Understanding how users are using your product is key to creating a better product that meets their needs. Marketers have traditionally relied on customer surveys and interviews to understand what users like about their products. These customer interviews have been essential for me to get a better understanding of how users view the product, but as a product manager, it’s not the complete picture.
User data collection enables companies to take an in-depth look at what their customers do on their sites. There is a massive amount of data available to gather—everything from where a user came from to how long it took to purchase a product.
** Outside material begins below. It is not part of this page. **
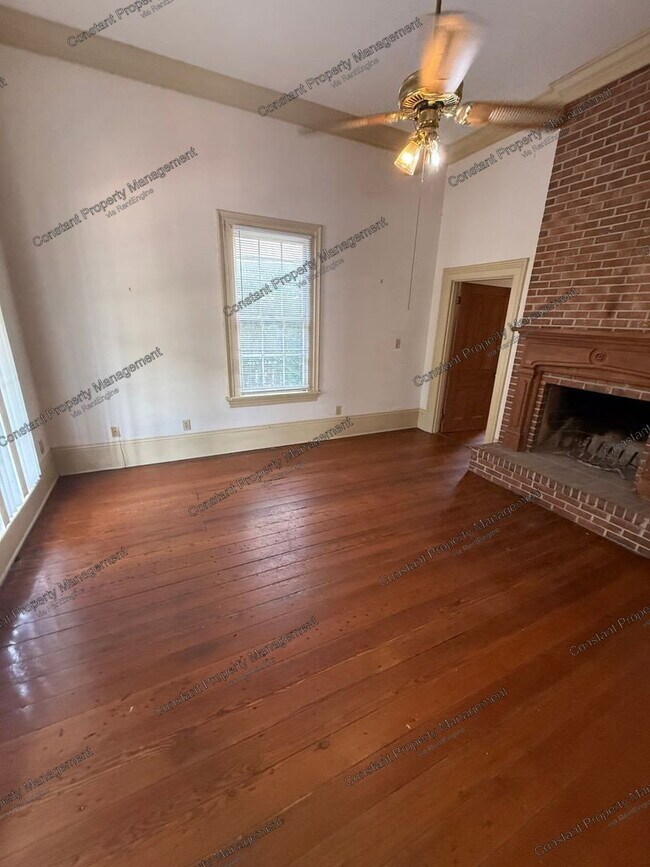 Photo - 1031 Bond St Unidad 1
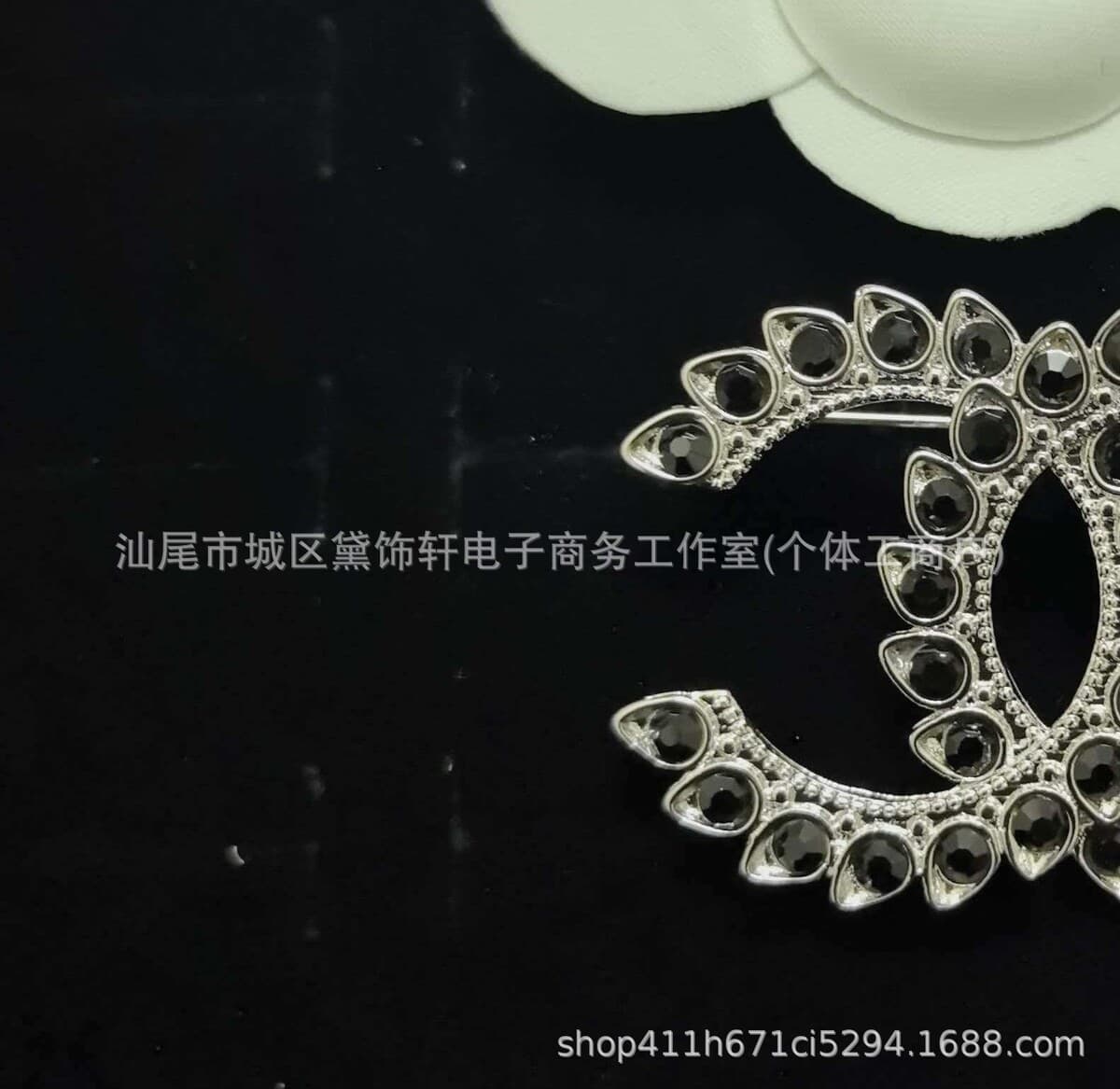 Брошь Chanel Double C с полным алмазным паве, квадратная брошь с бриллиантами и жемчугом, брошь-камелия Chanel, маленькая...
It takes both the qualitative (customer surveys and interviews) and the quantitative (user data) together to get the full picture.
However, there are so many data points that you can collect, so what can you do about it?
Product analytics takes that data and turns it into something viewable and usable. This is a wonderful tool to develop your products into the best versions of themselves. Going even further, product usage analytics focuses on a specific product. Product management experts use this to get a complete view of what their customers are doing with their products.
Whether you’re a product manager, a user experience designer, a marketer, or a product team member, once you understand the purpose of product usage analytics, implementing it within your own product management cycle is simple.
Product usage analytics studies data from a specific product to determine how users are interacting with it.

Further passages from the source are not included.